## Exercise brief
Output exactly the lines from the line that has "bird's eye view" through the last line of the data below, with no pictures.

## Supplied information

___

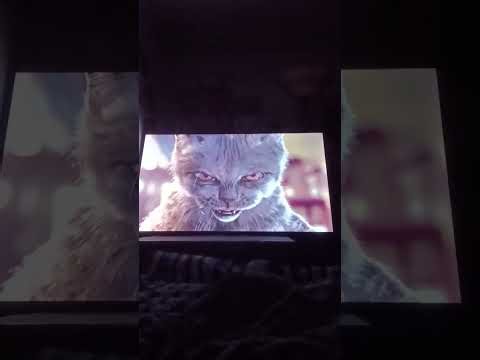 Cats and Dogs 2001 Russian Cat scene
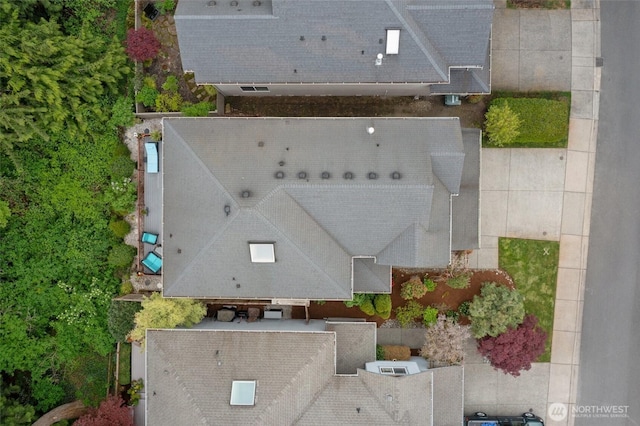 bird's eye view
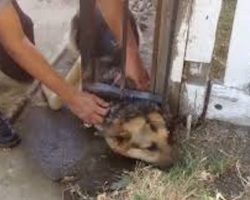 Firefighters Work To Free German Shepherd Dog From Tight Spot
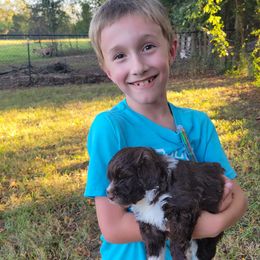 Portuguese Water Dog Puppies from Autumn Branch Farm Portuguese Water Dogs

___

## Exercise output
 bird's eye view
 Firefighters Work To Free German Shepherd Dog From Tight Spot
 Portuguese Water Dog Puppies from Autumn Branch Farm Portuguese Water Dogs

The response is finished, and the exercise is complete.